Es waren nur etwa 60 Kilometer, sie würde in Verbindung bleiben, sagte sie.
    Aber daraus war nichts geworden.
    «Achtundvierzig Jahre ist das jetzt
her, Inspector. Achtundvierzig! Ich war damals dreiundzwanzig, sie muß etwa in
meinem Alter gewesen sein. Ein, zwei Jahre älter vielleicht... Ich weiß es
nicht. Ich habe sie nie gefragt, wie alt sie ist. Ganz schön schlapper Typ,
wie?»
    In der Dunkelheit nickte Morse eine
stumme Bestätigung, und endlich, endlich war der Jaguar auf dem Parkplatz —
«Nur für Mieter!» — angelangt.
    Wise brachte das Kunststück fertig,
weiterzureden, während sie durch den Regen zur Eingangshalle sprinteten. «Wenn
ich Ihnen einen Tee anbieten darf... oder irgendwas anderes... Im Grunde habe
ich Ihnen ja noch gar nichts erzählt.»
     
    Als sie sich im Wohnzimmer
gegenübersaßen, reichte ihm Wise ein weißes Heftchen von sechs Seiten. Auf dem
Deckblatt stand: Gedenkgottesdienst für AMBROSE WHITAKER, M. A. (Cantab.)
F.R. A.M. 1917—1989), und Morse überflog den Inhalt: Musikstück. Choral. Bibeltext.
Musikstück. Ansprache. Gebet. Choral. Musikstück. Segen. Musikstück. Noch ein
Musikstück. Wenn er bei der Ausrichtung seiner eigenen Trauerfeier mitzureden
hätte, bemerkte Morse nur, würde er, wie Whitaker, das aus
dem Requiem von Faure wählen. Dann gab er das Heft zurück.

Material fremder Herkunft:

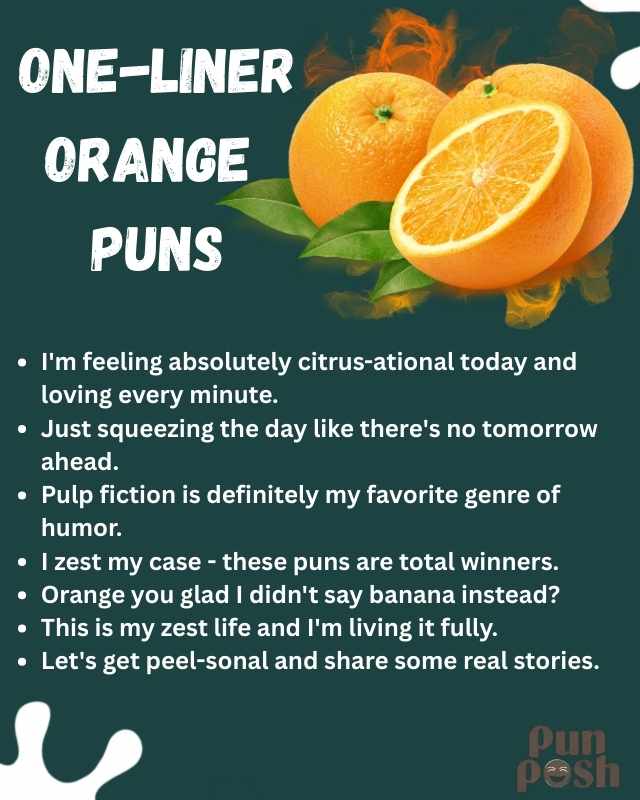 One-Liner Orange Puns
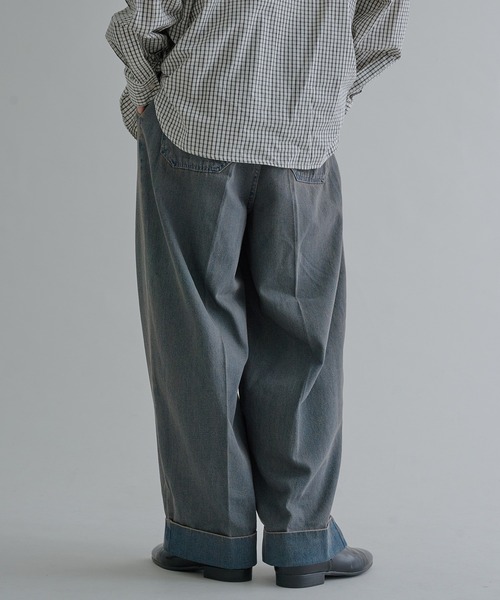 epnok ジーンズ ロールアップデニムバギーパンツ メンズ レディース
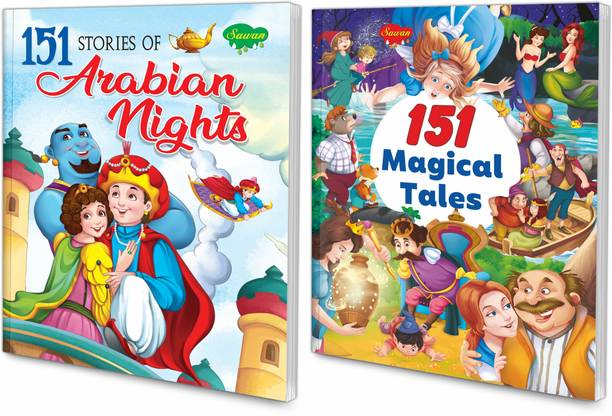 GO WOO Set Of 2 Story Books | 151 Series | Magical Tales & Arabian Nights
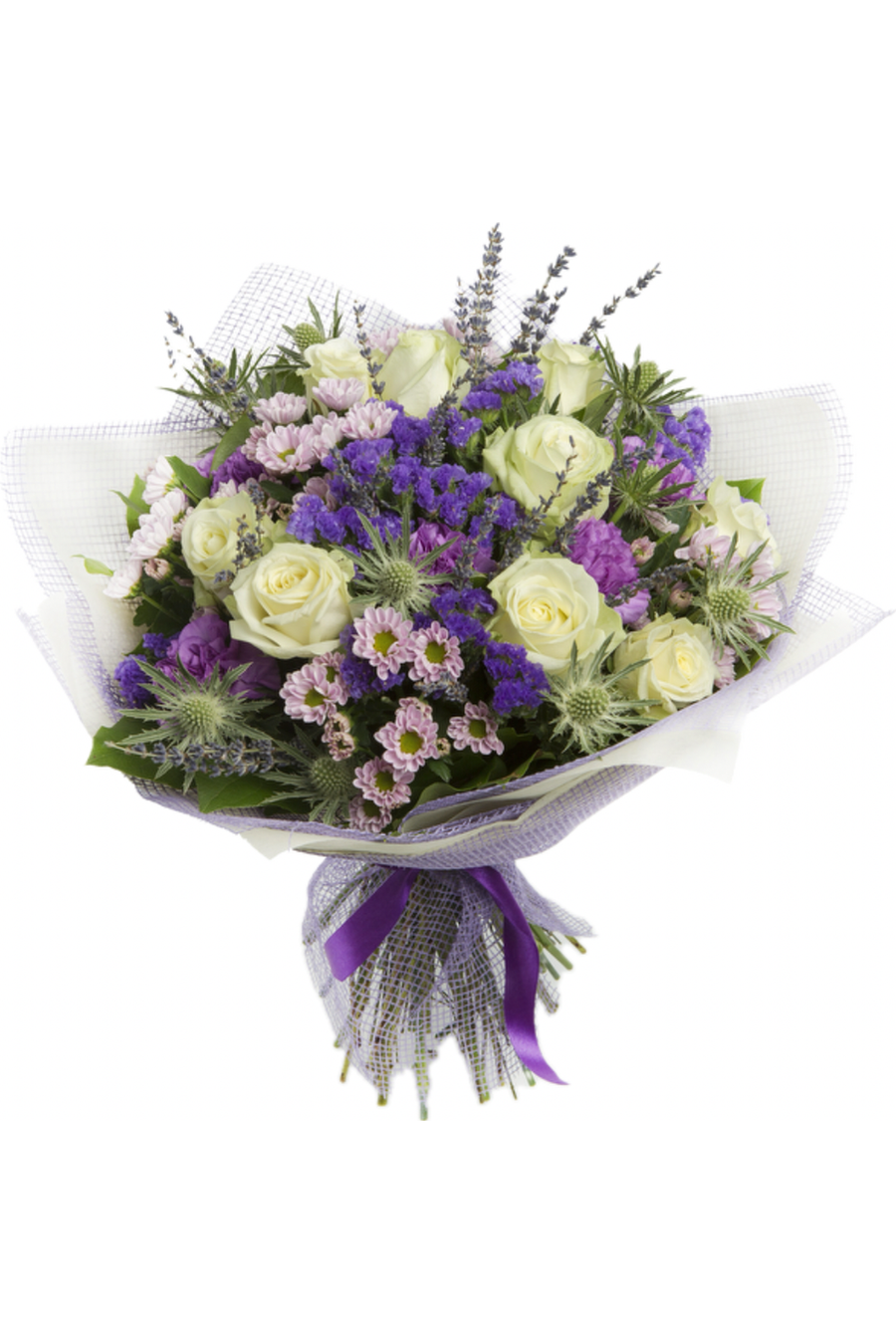 Charlie's Lavender and White Bouquet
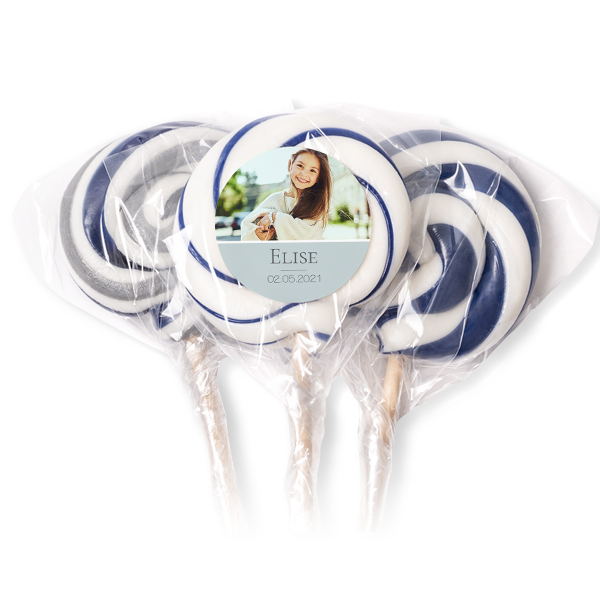 Lollipops Blue - set of 12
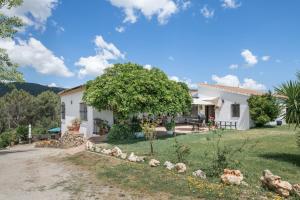 an exterior view of a house with a tree at Casa Cantarrana in Arriate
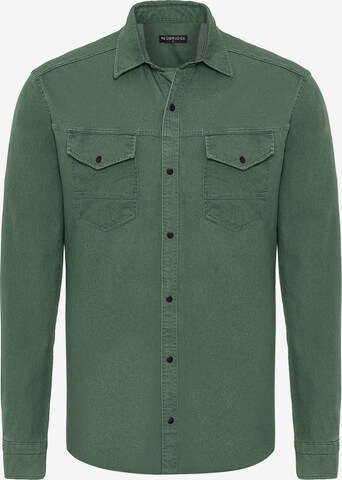 Redbridge Button Up Shirt in Green: front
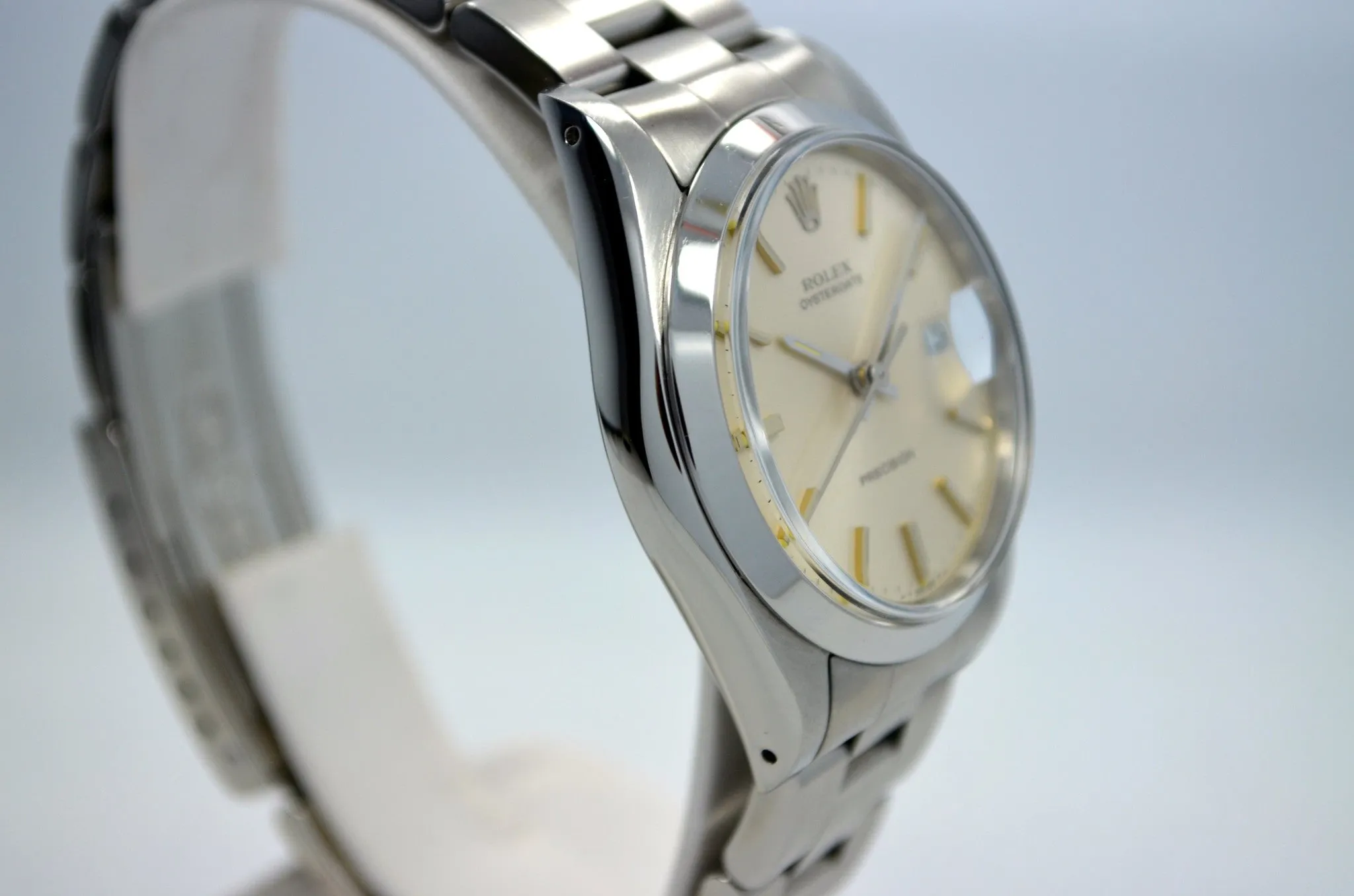 Vintage Rolex 6694 Oysterdate Stainless Steel Wristwatch Circa 1983 8 Mil Serial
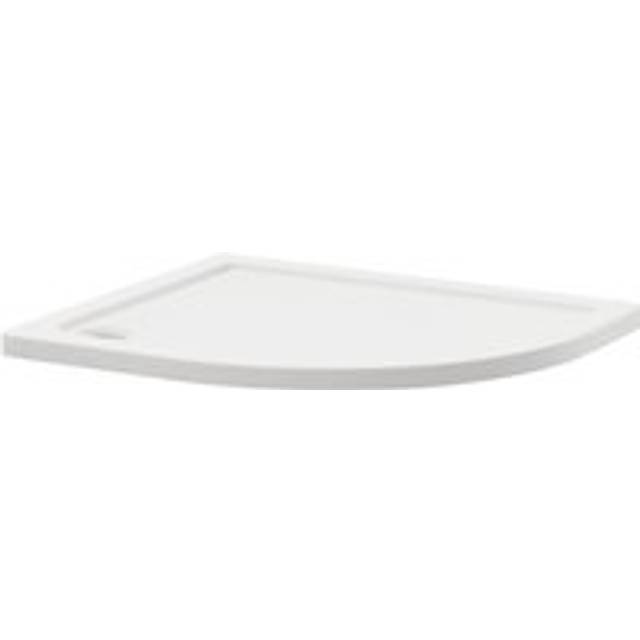 Wholesale Domestic Pearlstone Slip Resistant Right Hand Offset Quadrant Shower Tray | White | Plastic/Stone Resin | 900mm x 760mm x 40mm
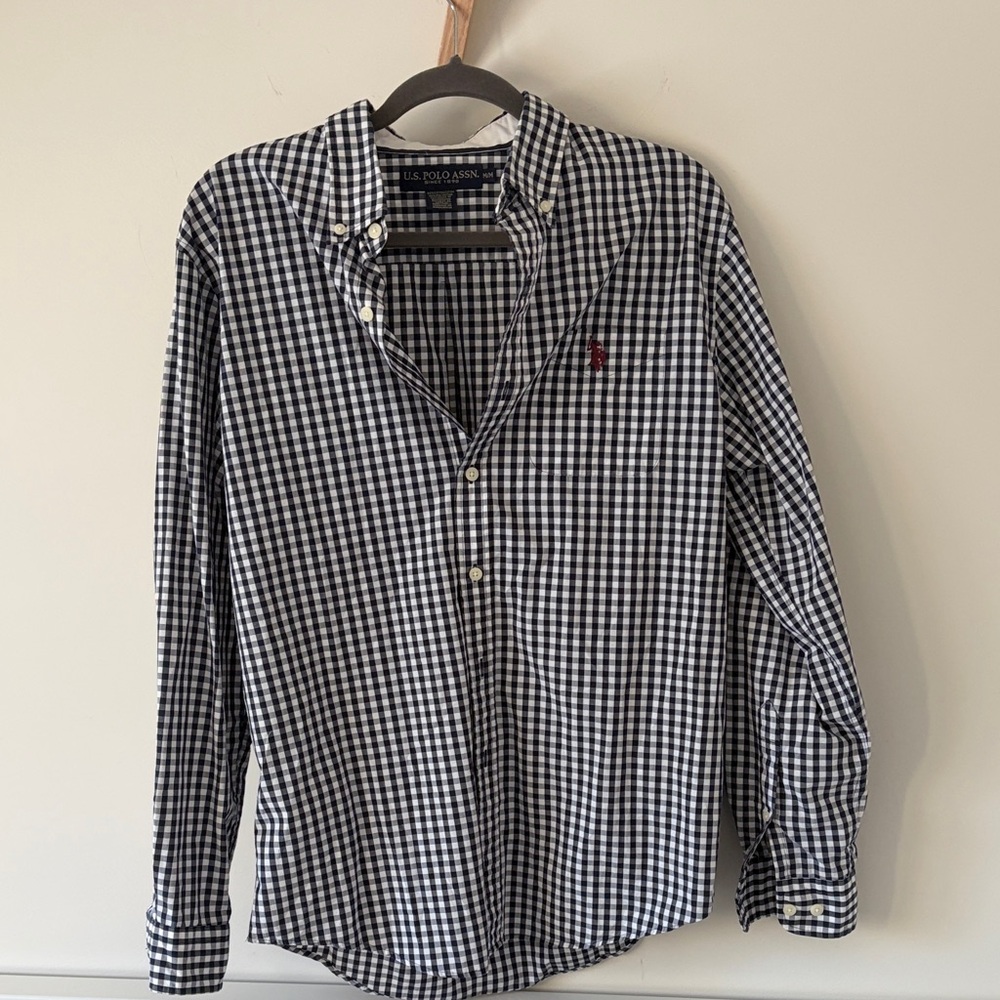 Polo | checked button down | M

    «Die Sache ist nun die», fuhr Wise
fort, «daß ich im Dezember die Todesanzeige in der Times sah und
überzeugt davon war, daß es sich um den Mann handelte, den ich im Krieg gekannt
hatte. Ganz abgesehen von dem ziemlich ungewöhnlichen Vornamen und der sehr
ungewöhnlichen Schreibweise des Nachnamens, stimmte auch das andere: Geboren in
Bristol, Könner am Klavier — einfach alles! Und unwillkürlich dachte ich an
damals und überlegte, ob sie wohl noch lebte. Dodo, meine ich. Als ich
dann vor vierzehn Tagen von dem Gedenkgottesdienst in Holborn las, beschloß ich
hinzugehen, um ‘einem alten Freund die letzte Ehre zu erweisen — und
vielleicht...»
    «— ein älteres Mädchen mit
wohlgepolsterter Oberweite zu finden.»
    «Ja.»
    «Haben Sie Ihre Dodo gefunden?» fragte
Morse leise.
    Wise schüttelte den Kopf. «Es war jede
Menge Prominenz aus der Musikszene da, ich hatte ja keine Ahnung, was sich
Ambrose für einen Namen gemacht hatte. Weil ich ziemlich früh dran war, stellte
ich mich noch eine ganze Weile vor die Kirchentür und sah zu, wie die Leute
hineingingen, unter anderem auch — nicht zu verkennen! — die Frau von Ambrose,
sie fuhr in einem Rolls mit Chauffeur vor. Zulassungsnummer AW 1! Aber die
Frau, die ich suchte, sah ich nicht, und in der Kirche saß sie auch nicht, da
hätte ich sie sofort entdeckt. Sie war ziemlich klein und untersetzt, genau wie
ihre Mutter. Und noch etwas. Sie hatte eine häßliche kleine rote Narbe, nein,
eigentlich eine große rote Narbe, auf der linken Kinnseite. Von einem
Fahrradunfall aus der Kindheit, wenn ich mich recht erinnere. Die Narbe war ihr
peinlich, und sie puderte sich immer sehr stark, um sie ein bißchen abzudecken.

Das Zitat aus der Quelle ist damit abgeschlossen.